Sebastião Salgado, José Bové e a esquerda mauricinha européia acham bonito o que não é espelho
Mês passado foi inaugurada uma exposição de fotografias do Sebastião Salgado no Barbican Centre aqui em Londres. Não sei se o trabalho desse nosso filho pródigo é muito conhecido no Brasil. Mas na Europa o Sebastião Salgado é provavelmente o mais conhecido fotojornalista da atualidade. A exposição Exodus, que retrata diversas populações de refugiados em todo o mundo, é um verdadeiro triunfo de bilheteria e de crítica.
O público, bem educado e bem vestido, entra na fila depois do almoço de domingo, paga o equivalente a 30 reais por ingresso e tem o privilégio de ver lindas fotografias de gente invariavelmente pobre, maltratada, faminta e triste. As fotos são todas num impecável preto & branco que distancia, filtra e idealiza a miséria. A composição virtuosa das fotos atribui à miséria humana um caráter fantasioso, como se a realidade retratada ocorresse em um outro mundo. Alguns retratos chegam a lançar mão de sutis efeitos especiais e a cabeça das criancinhas pobres "que nunca sorriem" é envolvida por uma tênue auréola, como se fossem santinhos.
Sebastião Salgado é sem dúvida um grande mestre da fotografia. Só mesmo um virtuoso conseguiria retratar a tragédia de pobres e oprimidos de forma tão bonita e digerível, para não ofender o bom gosto e os delicados estômagos europeus.
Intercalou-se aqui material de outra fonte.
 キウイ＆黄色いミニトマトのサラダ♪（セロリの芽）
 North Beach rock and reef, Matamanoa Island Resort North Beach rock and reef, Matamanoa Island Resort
A desgraça alheia é um artigo de consumo como qualquer outro. O público paga para sentir pena dos outros, para se masturbar com pornografia humanitária. E depois dessa exposição hipócrita, pode-se pegar uma telinha ou comer uma pizza de mussarela de búfala com tomates secos. A Europa adora sentir pena de pobre. Porque o sentimento de pena "ao contrário da compaixão" camufla uma porca vaidade. Quem sente pena está por cima e pode se dar ao luxo de ser generoso. Já o objeto da pena é sempre um coitado.
O Brasil é muitas vezes tema dessa relação dos bonzinhos com os coitados. Europeu goza nas calças ao ver favelas e menores abandonados. Em Paris, abriram um bar com o nome de Favela Chic (onde o preço da caipirinha, em euros, equivale a 20 reais). Não sei quanto o Sebastião Salgado ganha, mas para mim isso é irrelevante. Não acho que só porque ele retrata a miséria, a sua responsabilidade com relação a ela seja diferente da minha ou da de qualquer outro ser humano. Considero o trabalho dele ruim. Mas o meu problema é com a esquerdinha liberal européia, fofinha e mauricinha, que o aplaude com as mãos cheias de sangue.
Ativismo com subsídio
Sabe aquele francês bigodudo com cara de Asterix, o José Bové? Ele é líder dos fazendeiros franceses e virou herói do movimento antiglobalização porque gosta de depredar McDonald's. Mas em nome do que exatamente ele ataca com tanta fúria o imperialismo americano?
Vamos lá: não é só na Índia que as vacas são sagradas. Na Europa também. Todo e qualquer bovino europeu recebe um subsídio diário equivalente a 10 reais, muito mais do que muitos seres humanos em países pobres. Porque subsidiada, esta carne européia ? assim como tantos outros produtos agrícolas ? pode ser vendida nos países pobres a preço de banana. O pobre agricultor africano não consegue competir e passa fome. Pois bem, é defendendo essa política assassina de subsídios que José Bové depreda McDonald's.
Também sou contra o imperialismo e não gosto de Big Mac. Mas prefiro um inimigo declarado do que um falso amigo. Socorro! Boas intenções estão nos levando para o inferno. Quem é rico deveria simplesmente dar o que é devido a quem é pobre ? e parar de derramar lágrimas de crocodilo diante de fotos de criancinhas com nariz melequento.